Exporters exceed expectations
Growth healthier for exporting firms, but proximity to customers is the key
In Africa, more exporting businesses report growth in revenues or profits than companies focusing on solely domestic trade, finds latest survey by Regus, the flexible workspace provider. For the third year running, exporting firms globally confirm they have an advantage with 40% reporting profit growth over the last twelve months compared to only 36% of those trading only domestically.
While reaching out to a larger pool of prospects certainly plays a part in exporter's success this survey also confirms that that having a presence in the same country as clients or customers carries a number of benefits. Specifically, 85% of African businesses say that physical proximity helps them deal more effectively with customer problems. Being close to clients also means businesses understand customers and markets better (82%) and improves customer retention rates (82%).
But foreign expansion is a big step for businesses to take and a difficult one if support is lacking. In particular, African firms report that aside from making customer introductions, their government trade delegations can most usefully help them expand abroad by providing advice on legal and regulatory matters (53%).
Other findings from the survey show that African firms say that:
Being close to customers means businesses can improve customer satisfaction (79%);
78% of firms say a location close to their clients can boost sales and increase marketing effectiveness (78%);
Government introductions to local business organisations and associations (44%) and advice on taxation (24%) would also help businesses planning foreign expansion;
Almost a third of businesses (28%) would benefit from a directory of places to network.
Joanne Bushell, VP Africa at Regus comments: 'People always talk about 'getting close to the customer', but in expert markets that can be literally true.
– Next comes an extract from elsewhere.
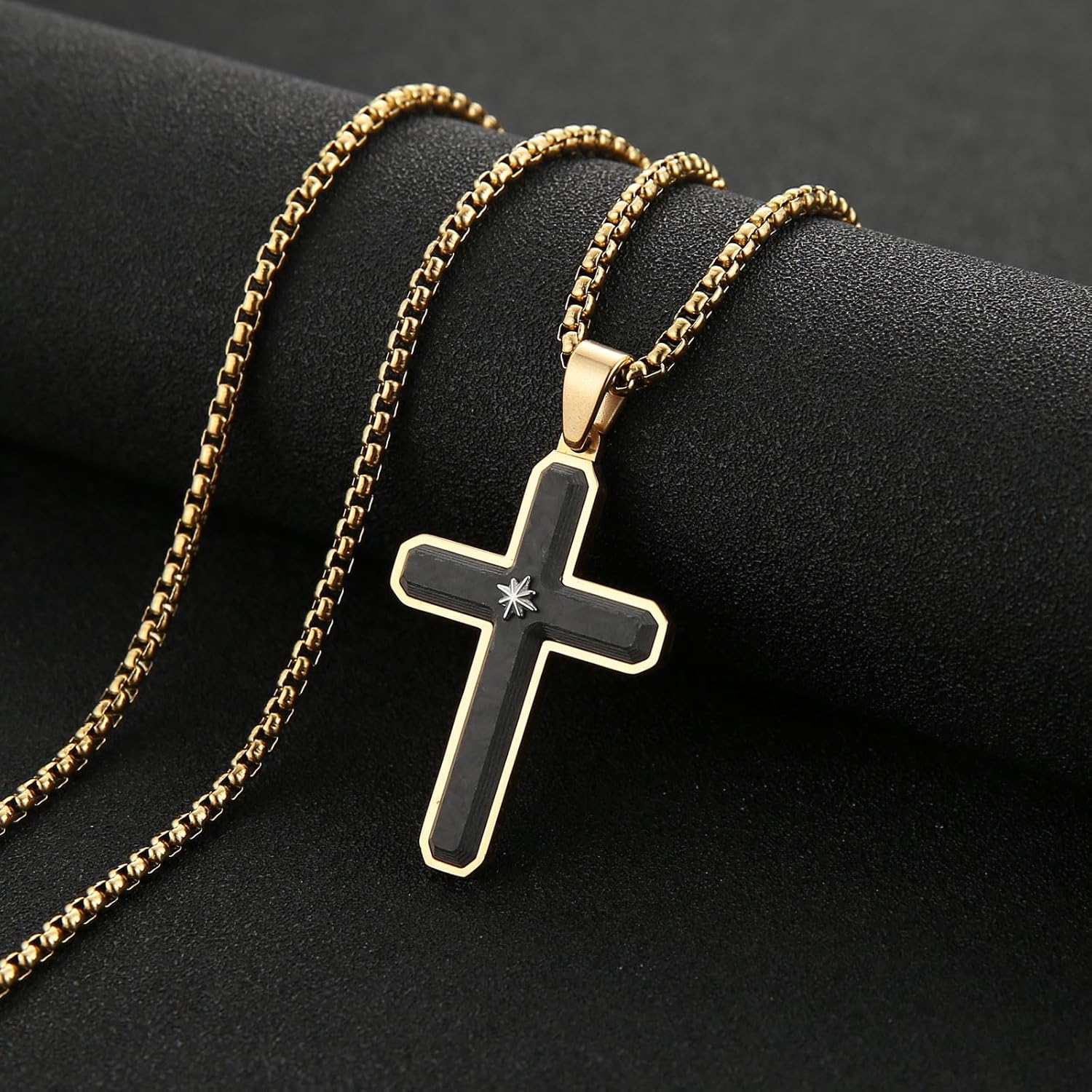HZMAN Carbon Fiber Cross Necklace for Men Stainless Steel Christian Crucifix Pendant Includes Necklace 22+2" Box Chain - Image 4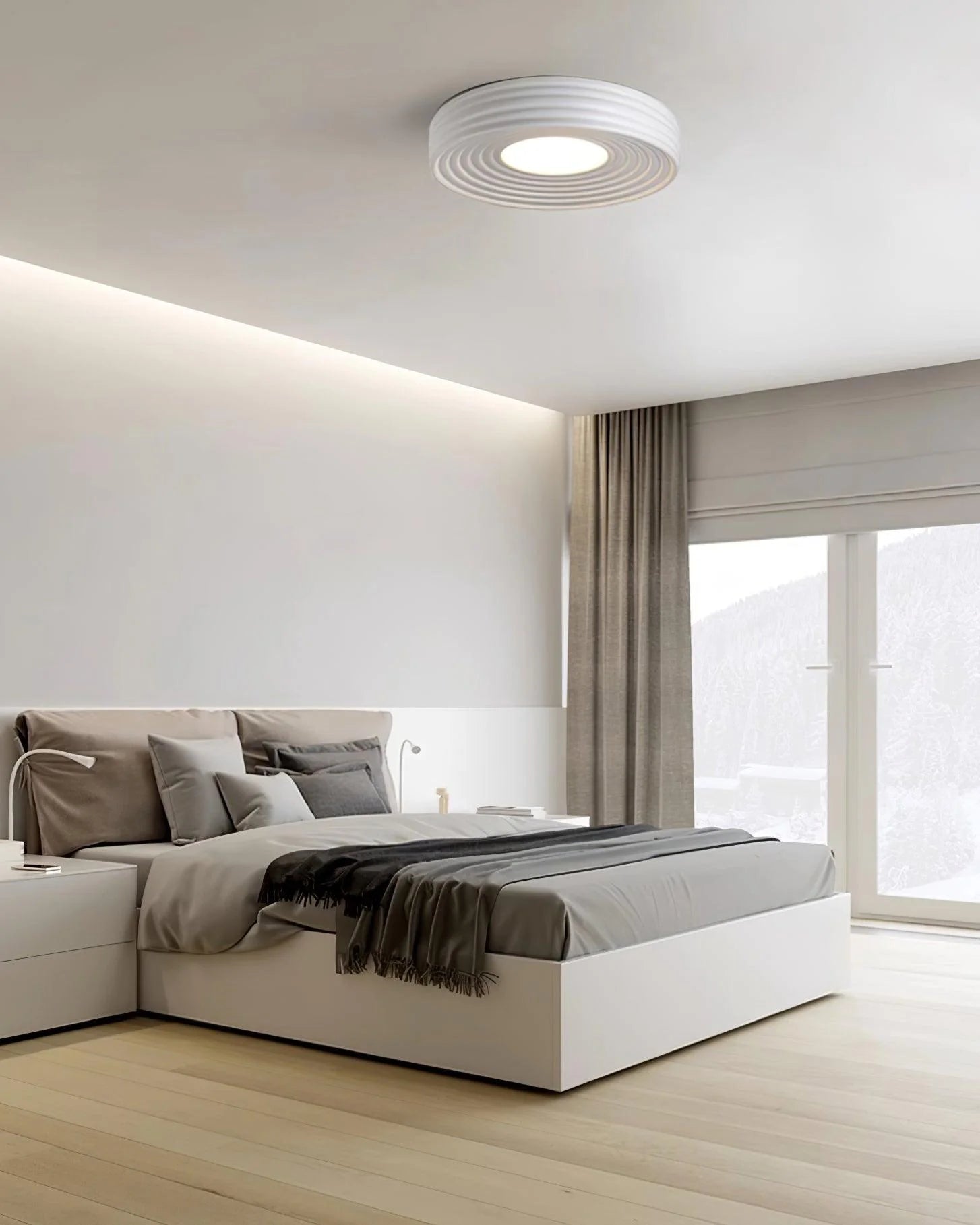 Cream Ribbed Ceiling Light - Loonglight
Our survey respondents told us that having a physical presence close to their customers brings about a number of benefits. In particular, businesses report that better customer retention, faster problem resolution and greater satisfaction can be achieved by setting up a location in proximity to their customers or clients.
'On the other hand, setting up a presence abroad is a challenging task if you don't have the right support from your home government. Businesses globally report that the best help they could expect from their government trade delegation when expanding (aside from client introductions) is getting legal and regulatory advice, taxation and local custom information and tips on where to network and meet local businesses. Where this information is not made available or is incomplete, businesses would do best to partner with firms that understand the world of business and that can provide local know-how and connections.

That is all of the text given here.